Да, проплыли вы немало. В сущности вам дважды пришлось пересечь Западно-Сибирскую низменность — сначала с юга на север, потом с севера на юг. За исключением низовьев Оби да южных районов, удалось увидеть весь огромный край к востоку от Урала.

Из всех ваших впечатлений я позволю себе рассмотреть только два. Первое, если я правильно понял, — о подвиге геологов, открывших сибирскую нефть, и их энтузиазме, с которым они продолжают благородный поиск. И второе — о нехватке дорог в Западной Сибири. Одно заставляет вас восхищаться, другое — огорчаться. Мне кажется, что оба впечатления интересны, поскольку верно отражают сильные и слабые черты нынешнего Обь-Иртышья, что, естественно, никак не отрицает будущего этого края. И потому ваше путешествие счастливо своим оптимизмом.

Путешественники и исследователи прошлого были по существу лишены возможности говорить о будущем. Помните, что сказано в «Полном географическом описании нашего отечества» — настольной и дорожной книге для русских людей, изданной в начале века под редакцией Семенова-Тян-Шанского? Авторы фундаментального труда «Россия» признавались, что даже наиболее известные Томская и Тобольская губернии поражали своей неизученностью и отсутствием достоверных географических сведений. Многие справедливо отмечали, что в конце столетия путешествие на Обь считалось почти подвигом и не всякий бы решился предпринять его. А известны ли вам полные горечи и боли выступления публициста-сибиряка Ядринцева? Он часто предупреждал: если Сибирь еще на пятьдесят лет останется замкнутой и лишенной обновления, можно ручаться, что русский Восток будет потерян для России, а его четырехмиллионное население ждет вырождение. Все в богатом, но пролежавшем без пользы века краю ожидает другой жизни. Эта мысль повторялась многими авторами. Даже в дни торжества по случаю трехсотлетия присоединения Сибири к России.

Лишь немногие обладали даром предвидения. Среди них был ссыльный Чернышевский, мечтавший о социалистических городах из алюминия. Среди них был Чехов, который писал в дневнике о будущей сибирской жизни, «какая и во сне нам не снилась». Среди них был и Нансен, назвавший Сибирь страной будущего.

Сибирь пережила несколько эпох — звероловную, земледельческую, золотопромышленную, торговую, а уже в наше время еще угольную, железоделательную, алмазную, электрическую. Ныне наступила эра нефти.

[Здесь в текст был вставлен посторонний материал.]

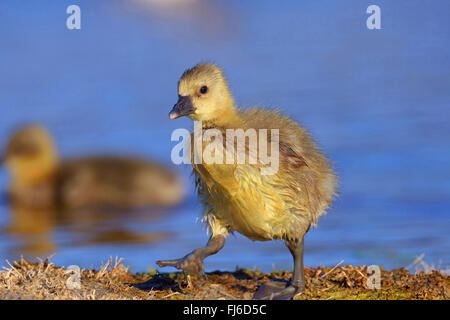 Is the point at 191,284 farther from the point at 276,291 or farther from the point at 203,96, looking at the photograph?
the point at 203,96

В похвалу ей сказано немало. И она достойна лестного слова. Ныне нефтяные месторождения открывают чуть ли не каждый месяц. Геологам известна малая часть всех запасов. Но ведь до сих пор они искали там, где доступнее, — по берегам Оби и ее притоков. Не трудно представить, какие находки ждут их на обширнейшей территории севернее Оби. Но туда они пока не идут. И не потому, что бесперспективны северные районы. Нет. Там значительно более сложные природные условия. Однако известно: вся территория от Оби на северо-восток до низовьев Енисея обладает таким же геологическим строением, как и освоенные уже нефтяные районы. Эти площади оставлены на будущее, когда придет время второго штурма нефтяной целины.

Где еще можно ждать нефтяных фонтанов? Вероятнее всего осчастливит нас болотистая страна — Васюганье и левобережье Оби. Много спорят о том, есть ли нефть южнее Транссибирской магистрали. Но по-видимому, линия железной дороги — своеобразная граница другого геологического района. Тут резко поднимается кристаллический фундамент Западно-Сибирской низменности — явный признак ухудшения условий залегания нефтеносных пластов. Гораздо перспективнее восточные и северо-восточные районы. Нефтяное море, как принято выражаться, уходит в Красноярский край.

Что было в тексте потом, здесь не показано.